E como as férias são curtas! Nem bem abandonamos materiais e uniformes, logo somos obrigados a retomá-los para o retorno a meses, muitos meses, de trabalho.
No entanto, o corpo e a mente continuam suas rotinas (comer, dormir, pensar, sonhar, desejar, sentir/carecer de afetos). Talvez sejamos mais idênticos nas férias, quando o tempo limitado pede diferentes comportamentos; talvez entendamos melhor que da vida nada se leva a não ser a satisfação, ou não, de ter vivido intensamente nossos afetos e de ter atendido a nossos desejos confessáveis.
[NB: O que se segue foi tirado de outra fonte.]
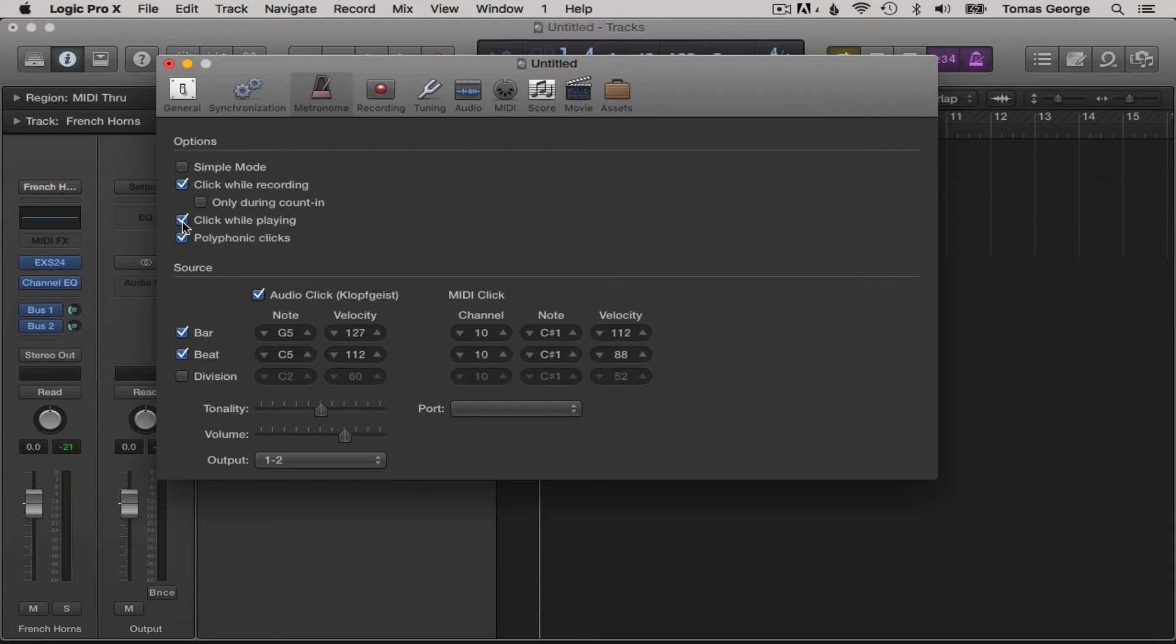Sometimes however, you might want the click while playing box checked just so you can check rhythmical instruments along with a click.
Ao encerrar o semestre letivo com uma indicação de leituras possíveis nas férias, nunca recebo de meus alunos uma expressão de convencimento e acordo. Os olhares vão da surpresa ao descrédito, do sorriso compassivo ao pleno deboche. Entre as atividades de férias, não entra quase nunca a leitura, por mais leve, ingênua, superficial e vagabunda que seja. Ler é atividade da escola, e, portanto, exercida em períodos de trabalho. Por mais que se afirme o caráter prazeroso da leitura, ela é incompreensível nos momentos dedicados inteiramente ao lazer. O que indica, com clareza, que, apesar de alardearmos que ?ler é prazer? ou que ?ler é um prazer diferido?, não passa pela cabeça dos alunos, professores e trabalhadores em geral que o lazer associado à leitura, confere gosto de férias a qualquer dia de trabalho! E muito menos encontra sua vigência prazerosa plena nas próprias férias !
Grosso ou fino, de leitura fácil ou difícil, ficção ou não, o livro é companheiro sempre, conversa conosco sempre, nos faz companhia em qualquer momento. Combina com os materiais de trabalho (quaisquer que eles sejam, da caixa de ferramentas à pasta do executivo), combina com os materiais de férias (o tênis, a sandália, a cerveja, a prancha, a rede, o avião). Combina não pelo que é enquanto objeto, mas pelo que representa enquanto alimento para o espírito. Abrir espaço para o livro significa reconhecer que, de todas as atividades de nosso estafante período de trabalho, é a leitura que nos permite superar a sensação de estarmos nos tornando a cada dia mais invisíveis, mais números, mais robotizados.
É a leitura uma atividade que nos mantém informados, alertas e sempre desejantes. O deboche, o cinismo e a descrença são as respostas e a constatação mais evidentes de que o trabalho pode reduzir o ser humano a um parafuso, a um botão, a um chip.